Without the images, reproduce every entry exactly.

** Opening Records for the exercise block **

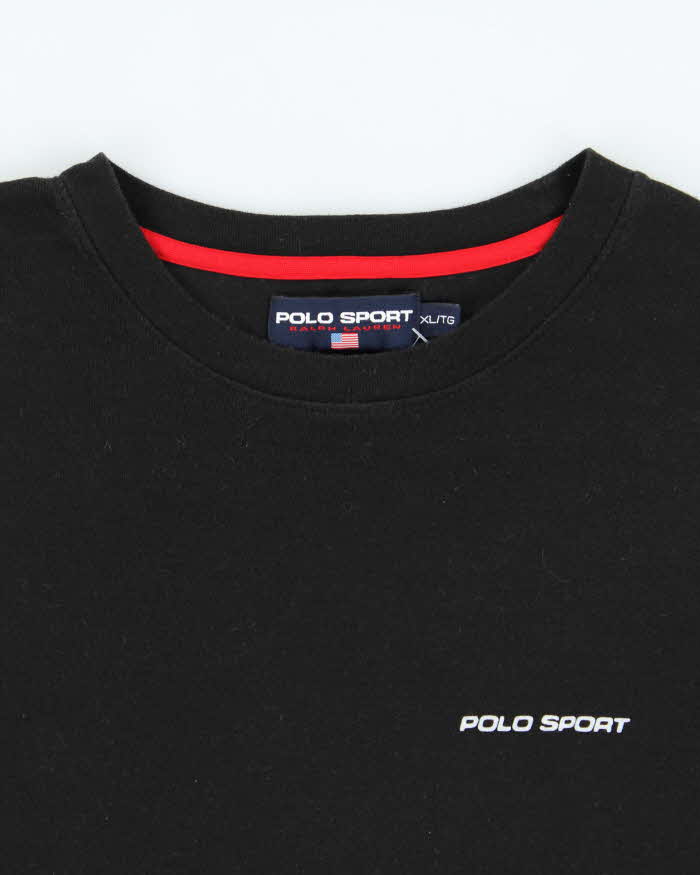 Vintage Y2K 00s Polo Sport Ralph Lauren Contrast Stitch Crewneck Long Sleeve T-Shirt - XL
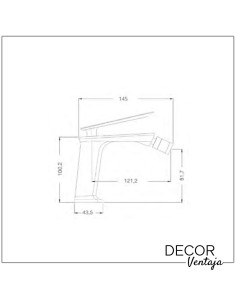 Grifo monomando para bidé. Modelo Bora Bora Cromo 2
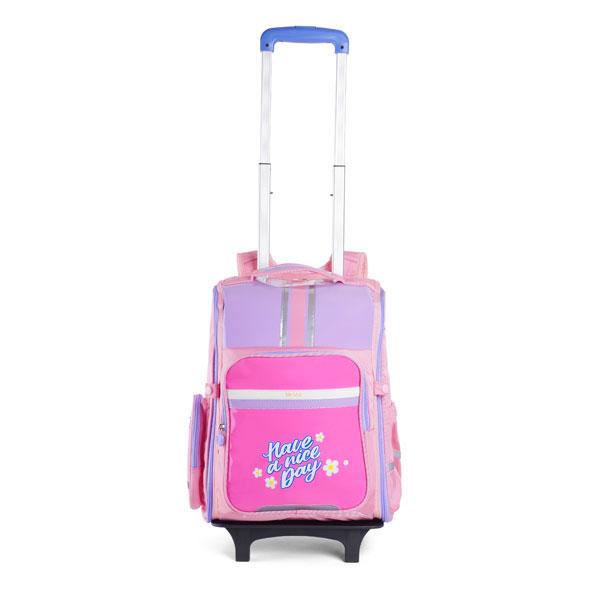 Ba Lô Cần Kéo Have A Nice Day - Mr.Vui 1042 - Màu Hồng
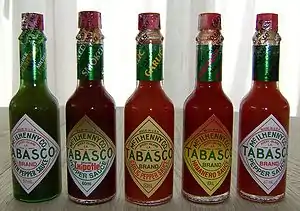 Image 27Tabasco varieties produced in Louisiana (from Louisiana)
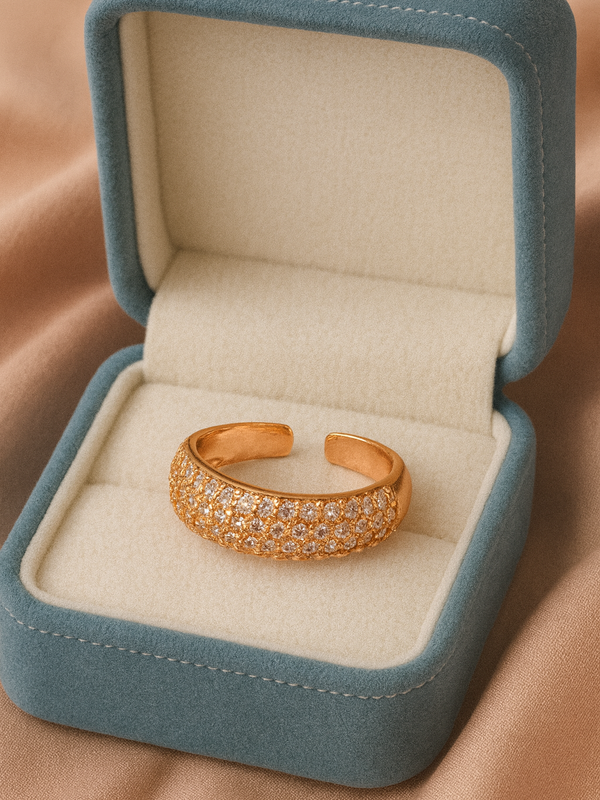 Grace Band Ring | Gold-Plated Brass Adjustable Ring –SCB8812384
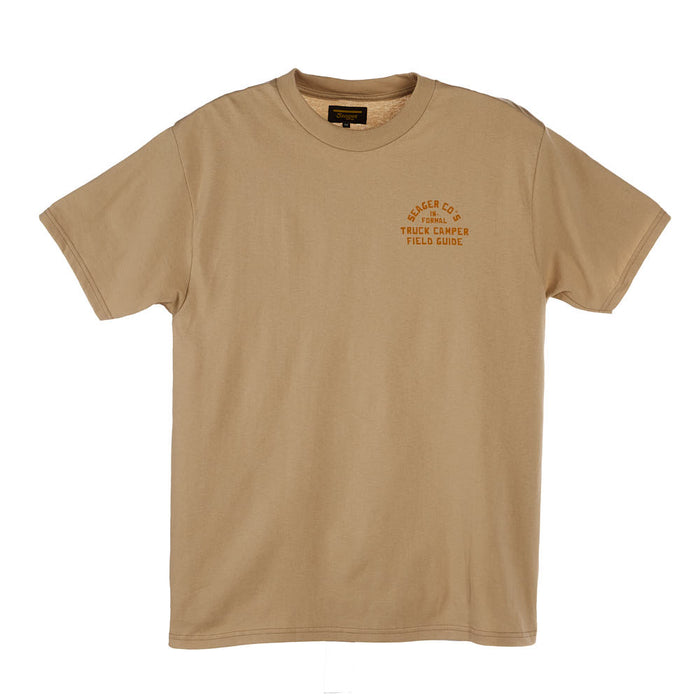 Seager Inc Men's Cream Informal Truck Guide T-Shirt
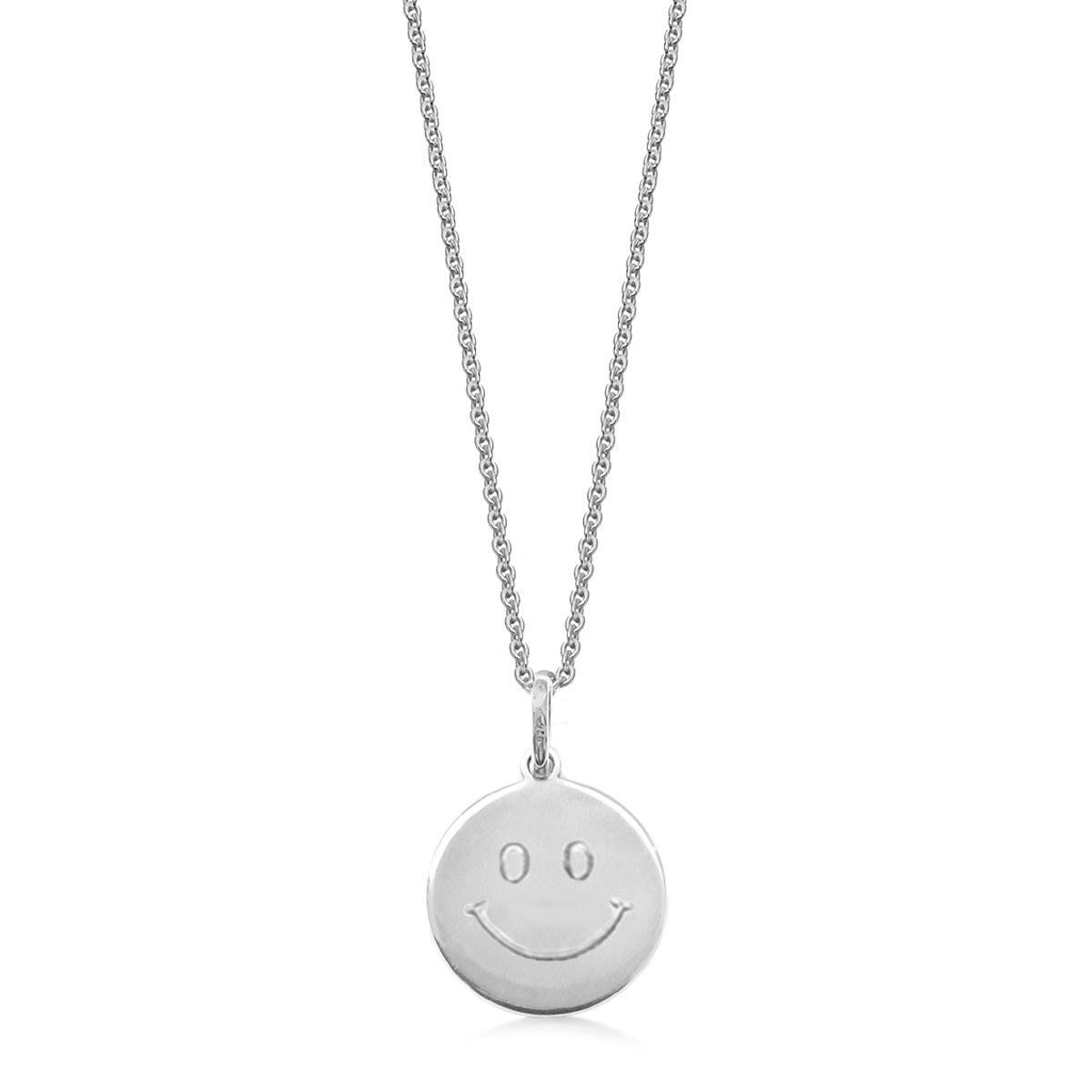 Silver Smiley Face Necklace | Hersey & Son Silversmiths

** Closing Records for the exercise block **

Written answer
 Vintage Y2K 00s Polo Sport Ralph Lauren Contrast Stitch Crewneck Long Sleeve T-Shirt - XL
 Grifo monomando para bidé. Modelo Bora Bora Cromo 2
 Ba Lô Cần Kéo Have A Nice Day - Mr.Vui 1042 - Màu Hồng
 Image 27Tabasco varieties produced in Louisiana (from Louisiana)
 Grace Band Ring | Gold-Plated Brass Adjustable Ring –SCB8812384
 Seager Inc Men's Cream Informal Truck Guide T-Shirt
 Silver Smiley Face Necklace | Hersey & Son Silversmiths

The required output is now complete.